AHHHHH,,, THOSE WERE THE DAYS!!!
post #3 of 8
It was an interesting time. Tomba was redefining the way to ski fast. While the rest were still moving their CM's up and forward with their skis through the transition, he was staying low and moving down the hill and across his skis. He still needed to knee angulate, and throw in a bit of a divergent step, because of the nature of the sticks he was riding,,, but the new level of anticipated inclination he introduced helped set him apart.
post #4 of 8
Gimme Stenmark
post #5 of 8
Quote:
Originally Posted by Rick View Post
Diverging steps
Can you elaborate on this technique.
post #6 of 8
Quote:
Originally Posted by Max_501 View Post
Can you elaborate on this technique.
Sure Max. A skating type step executed at the end of a turn. A means of compensating for the sidecut limitations. They couldn't carve the entire turn, so a pivot at the start of the turn and/or a diverging skating step at the end of the turn was used, with a carve in between.

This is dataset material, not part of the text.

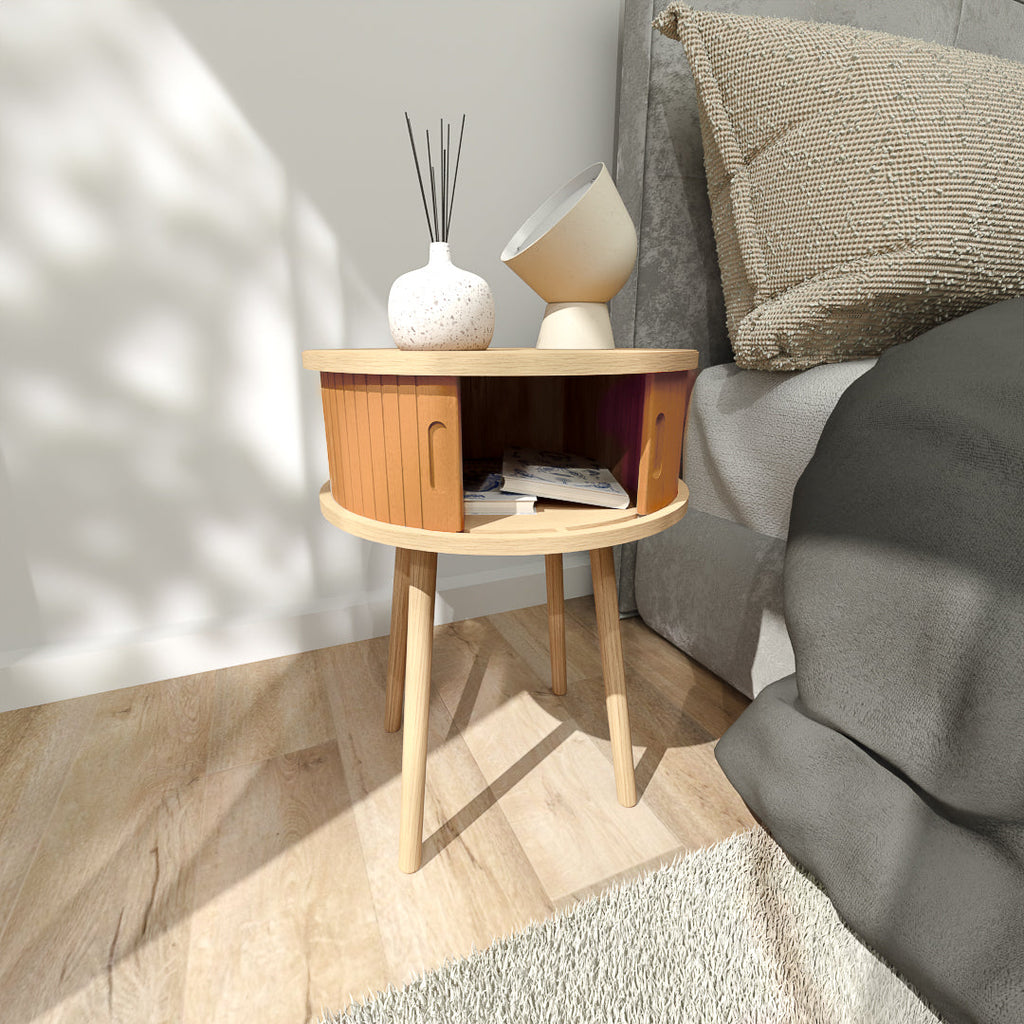 שידת לילה מודרנית לחדר שינה דגם רפאל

Stenmark was the dominant force on the WC before Tomba, and he made a career out of the diverging step, in both GS and SL. As evidenced by the video BigE linked, it was still pervasively used in 88.
post #7 of 8
Quote:
Originally Posted by Rick View Post
Sure Max. A skating type step executed at the end of a turn. A means of compensating for the sidecut limitations. They couldn't carve the entire turn, so a pivot at the start of the turn and/or a diverging skating step at the end of the turn was used, with a carve in between.

Stenmark was the dominant force on the WC before Tomba, and he made a career out of the diverging step, in both GS and SL. As evidenced by the video BigE linked, it was still pervasively used in 88.
Thanks for the explanation. This was all before I got into skiing.
post #8 of 8
Nice link, BigE!

Lots of lifting and tipping in those turns, eh? Of course, Rick hit on the essential elements, but by observation you can see sources for a lot of the movements that we discuss here.